_EXERCISE INSTRUCTIONS_
Set down every record below exactly as it stands, minus the pictures.

**********

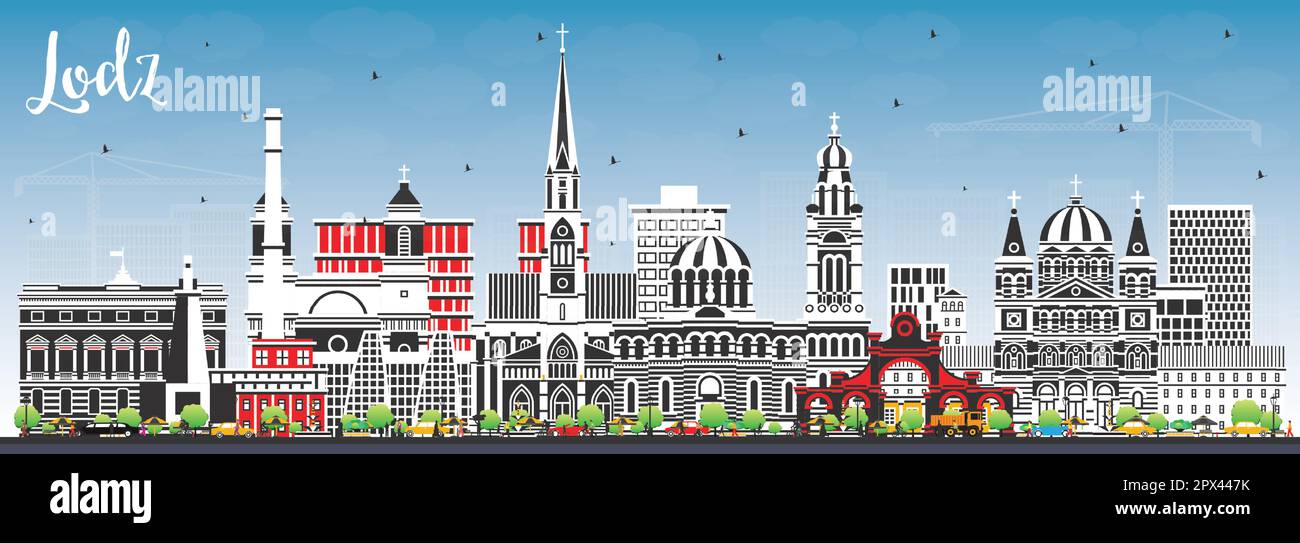 Lodz Pologne City Skyline avec des bâtiments de couleur et Blue Sky. Illustration vectorielle. Lodz CityScape avec des monuments. Illustration de Vecteur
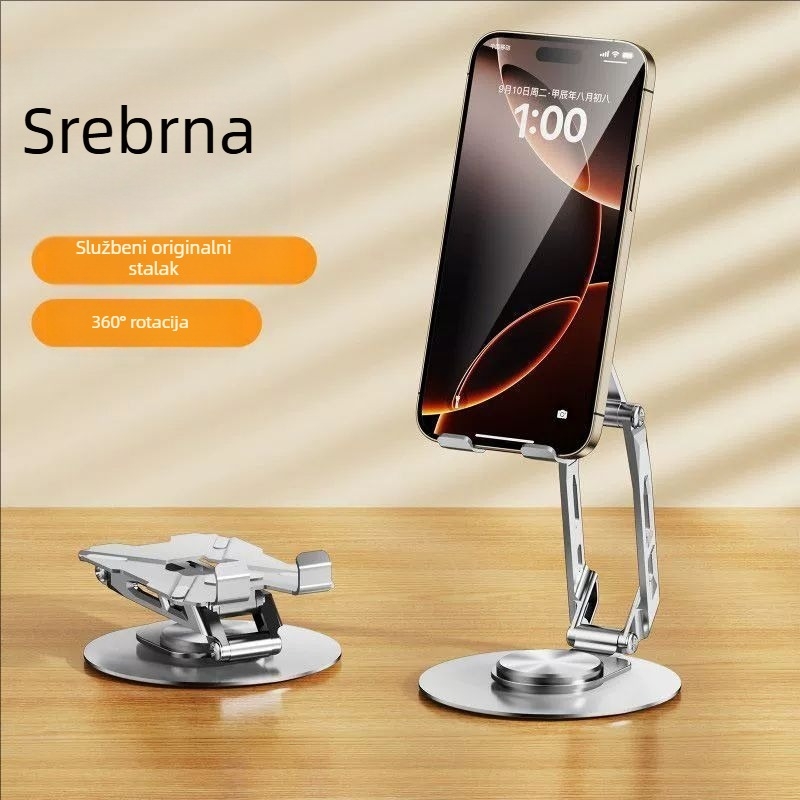 Lenj stalak za telefon i tablet | metalni, okretni, prijenosni | kompatibilan s tabletima, iPadom i mobitelom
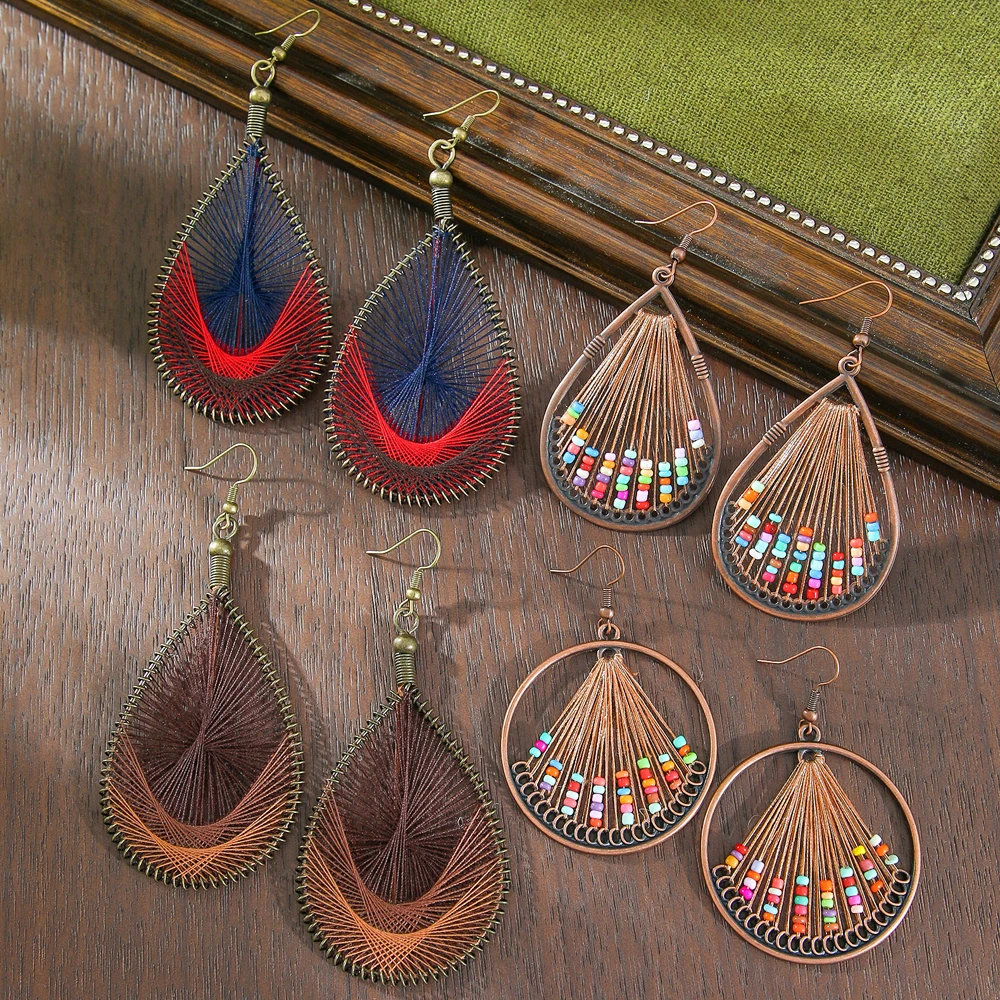 مجموعة أقراط بوهو كلاسيكية مصنوعة يدويًا، أقراط مطرزة على شكل دمعة دائرية هندسية مثالية للحفلات والارتداء اليومي والتنقل في العطلات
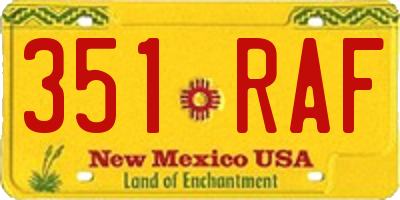 NM license plate 351RAF
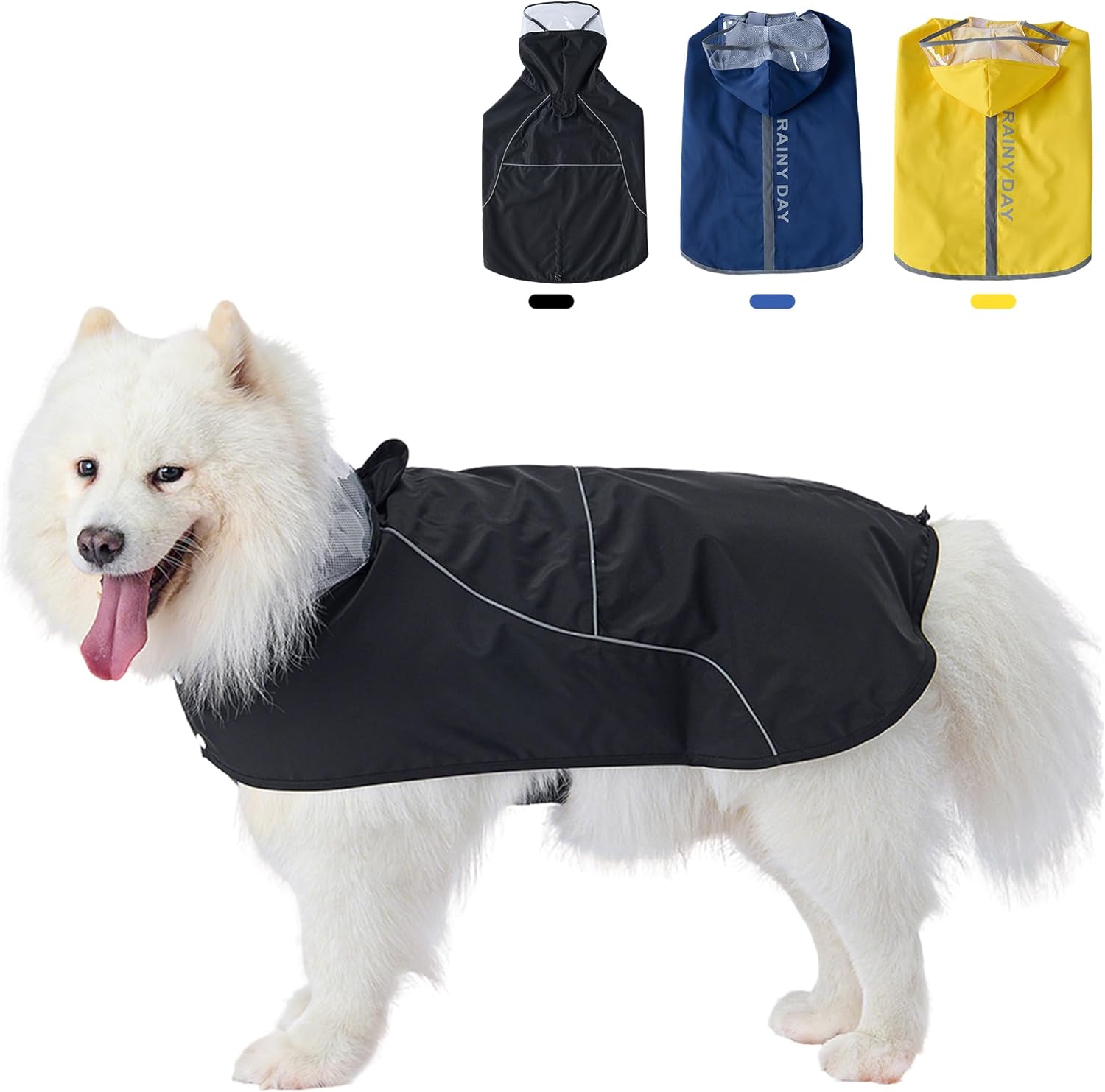 Dog Raincoat Adjustable Pet Waterproof Clothes Lightweight Rain Jacket Poncho Hoodies with Strip Reflective (Black, Large)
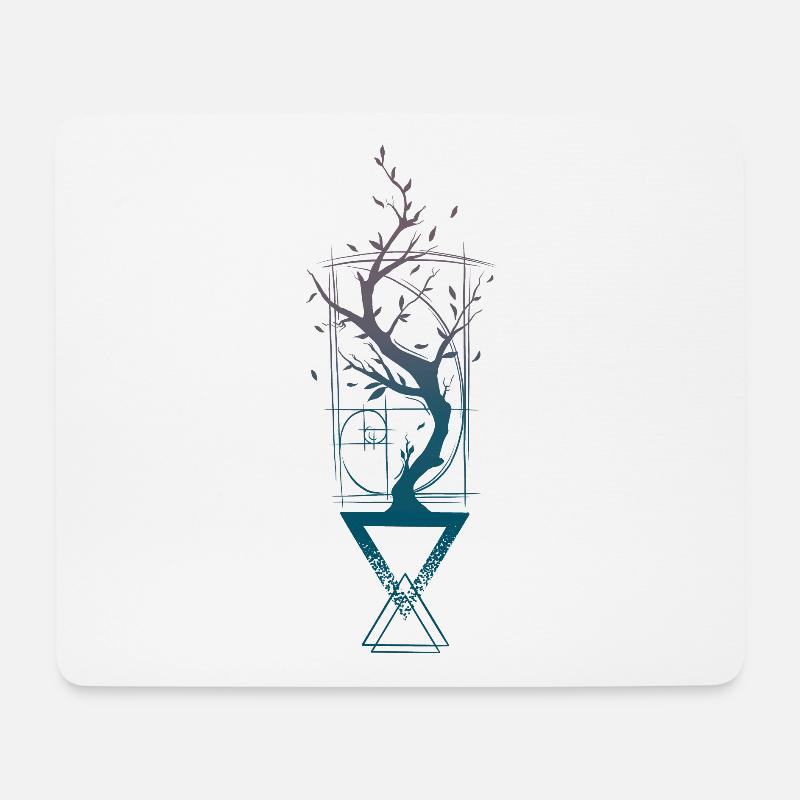 Geometrischer Baum - Mousepad (Querformat) - Weiß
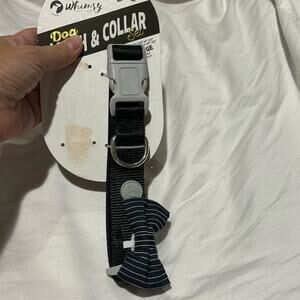 Whimsy Collection L dog collar black grey bow tie nwt adjustable 14-20”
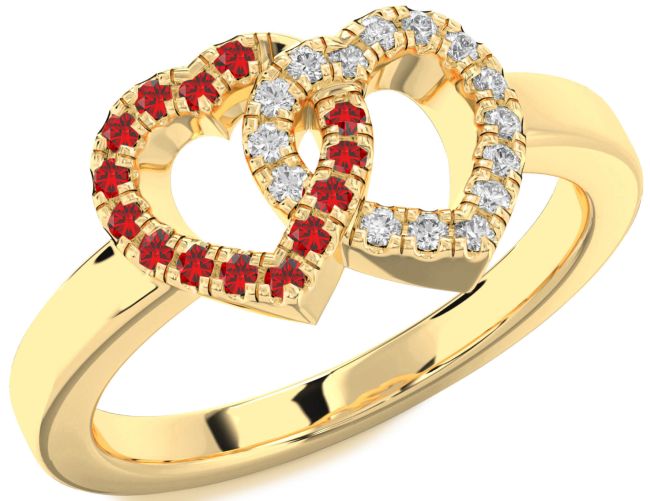 Diamond & Ruby Gold Silver Heart Promise Ring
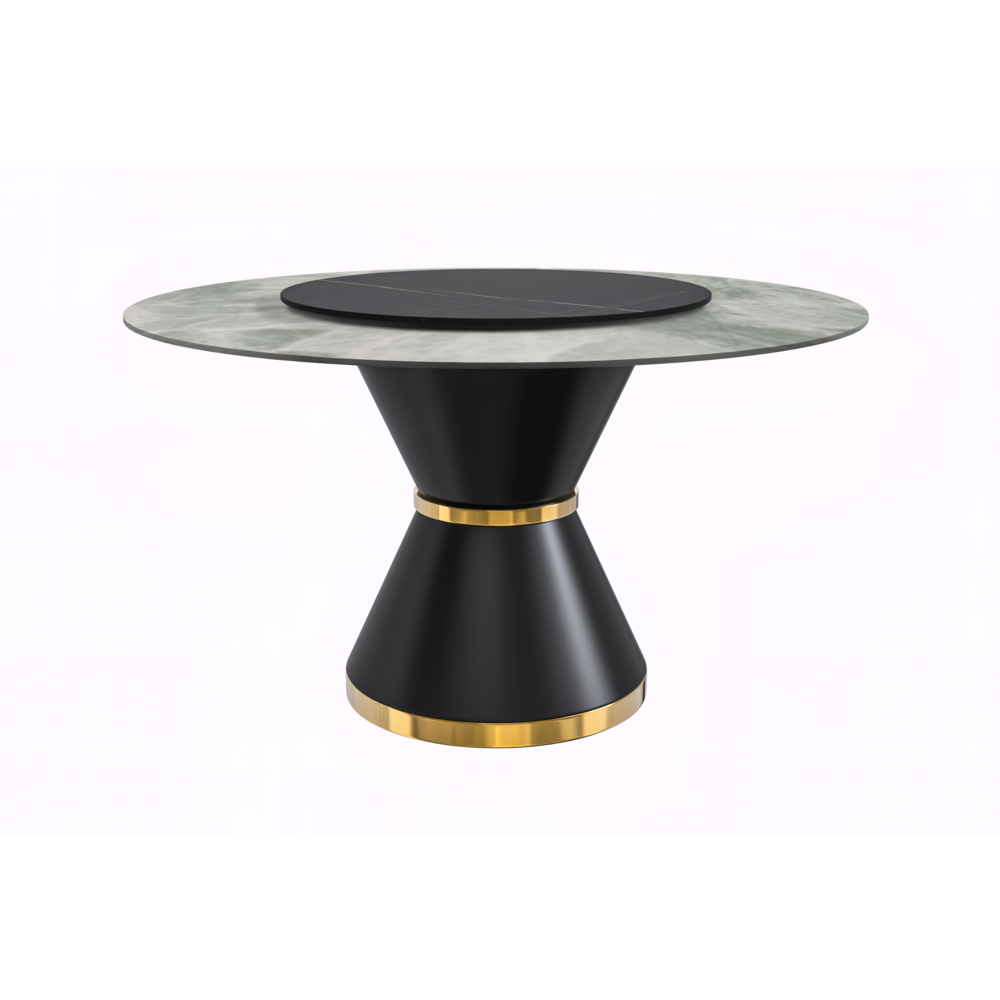 Round Dining Table Black\Gold Base with 60 Round Light Grey Sintered Stone Top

**********

_RESPONSE AREA_
 Lodz Pologne City Skyline avec des bâtiments de couleur et Blue Sky. Illustration vectorielle. Lodz CityScape avec des monuments. Illustration de Vecteur
 Lenj stalak za telefon i tablet | metalni, okretni, prijenosni | kompatibilan s tabletima, iPadom i mobitelom
 مجموعة أقراط بوهو كلاسيكية مصنوعة يدويًا، أقراط مطرزة على شكل دمعة دائرية هندسية مثالية للحفلات والارتداء اليومي والتنقل في العطلات
 NM license plate 351RAF
 Dog Raincoat Adjustable Pet Waterproof Clothes Lightweight Rain Jacket Poncho Hoodies with Strip Reflective (Black, Large)
 Geometrischer Baum - Mousepad (Querformat) - Weiß
 Whimsy Collection L dog collar black grey bow tie nwt adjustable 14-20”
 Diamond & Ruby Gold Silver Heart Promise Ring
 Round Dining Table Black\Gold Base with 60 Round Light Grey Sintered Stone Top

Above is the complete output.